私は、グローバリゼーション、リストラ=人員整理、四半期決算、国内空洞化、経済格差・貧困の増大など、今の日本の(世界の?)社会が重苦しく希望の見えない状態に押し込まれている事に疑問と不満をずっと持っていましたが、この本に出合って、「まっとうな話が聞けた」、「そういうカラクリのつながり」だったのか、「未来に希望の持てる社会に変える可能性があるかも」と感じられました。


「公益資本主義」という言葉は、政治経済分野の人達にはすでに広く知られた言葉なのかもしれません。安倍前首相もスピーチの中で触れていたそうな。

うかつな事に、私は見落としていました。


著者の話では、今の閉塞感のある社会を作っている原因は、会社は株主の物であるといい世界を席巻している「株主資本主義」(グローバルスタンダード)が原因と事。

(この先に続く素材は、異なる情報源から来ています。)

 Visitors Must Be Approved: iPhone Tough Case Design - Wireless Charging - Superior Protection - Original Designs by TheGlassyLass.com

株主に得させる事が会社の使命であるという考え方から、

・ROEが重要と信じ込む。採算が悪くなったら従業員の給料を下げたり、首切りをすることで短期利益を上げて、それを配当で株主に回す。また、株価を上げる。 それが出来るのが良い経営者と評価され、ストックオプションを持っている経営者自身も大儲けできる。


・長期利益よりも短期利益で売り抜ける様にする事が大事となり、中長期投資などより、短期で結果の出る事だけに選択と集中させる。

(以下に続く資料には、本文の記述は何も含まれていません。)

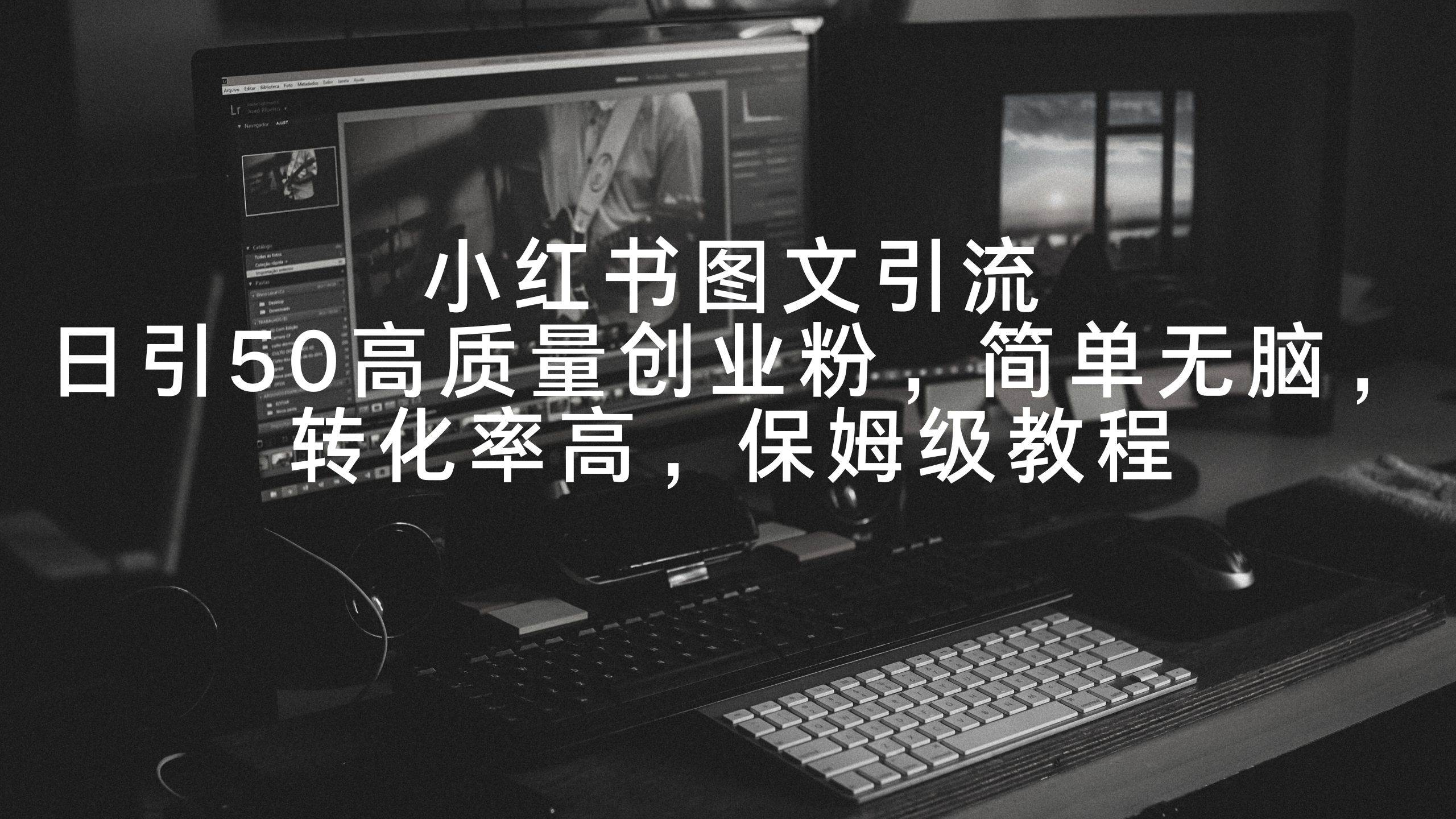 小红书图文引流，日引50高质量创业粉，简单无脑，转化率高，保姆级教程-创客一号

そして、それが出来ないのはガバナンスが出来ていないといわれる。


・短期利益の動向が見たいから、3か月毎の4半期決算をやらせる。粉飾決算が多くなる。


・じっくり技術開発をするよりも、企業買収(M&A)で短期に株価や利益を上げる事を要求する。


・IFRSに乗り換えて、M&Aの「のれん代」償却をしないようにする。


・国内の従業員を切って、賃金の安い国でモノ作りする。


・モノ作りよりも、金融などの虚業で手早く儲ける事が評価される。


・減損会計と時価会計でがんじがらめ

 資産価値が下がると減損処理が必要になる。それを避けるために自社ビルを売って賃貸に切り替えるなどが起こっている。


・内部留保する金があるなら、配当で吐き出さないとダメな会社と評価される。


などが起こっている。



米国ではこれが進んで、一握りの富豪と多くの貧困層になっている。


株主資本主義を進めているのは、金融屋やウォール街、投資家、証券会社などなど。


この構造にホトホト嫌気がさしたムーブメントが、ヒラリーではなくトランプを大統領にした。

(そういえば、ヒラリーはキライ。ウォール街のやつらはキライと、当時のニュースで街の人の声が流れていた事を思い出しました。)




この米国発 株主資本主義グローバルに対して、以前の日本は 日本式経営として中長期や従業員雇用と大事にした経営をしていきた。


でも、バブル後。グローバル化に飲み込まれて、外国資本も沢山入り込み 日本企業の利益や内部留保なども全て吐き出させて吸収しようとしている。


グローバル基準が正義だ と信じ込む人も出だした。



日本を変え、グローバル化と対抗差別化していく「日本流」を作る事を著者は提案している

12のポイントがあるとの事。

・「会社の公器性」と「経営者の責任」の明確化。

・中長期株主の優遇

・「にわか株主」の排除

・株式保有期間で税率を変える。

・ストックオプションの廃止

・新技術・新産業ひぇの投資の税金控除

・株主優遇と同程度の従業員へのボーナス支給

・ROEに代わる新たな企業価値基準

・4半期決算の廃止

・社外取締役制度の改善

・時価会計原則と減損会計の見直し

・日本発の新しい経済指標



著者は政府の諮問委員会などにも参画し、公益資本主義を強く提案されているとの事。


どれだけ、現在の日本の制度が変わりつつあるのは私はフォロー出来ていないが、少なくともまだ先月・今月に沢山の会社が4半期決算を発表している。又、赤字でも配当を出す事を継続している。

 少しづつでも日本が元気になるように公益資本主義という考え方の方へ変わっていけば良いのだが。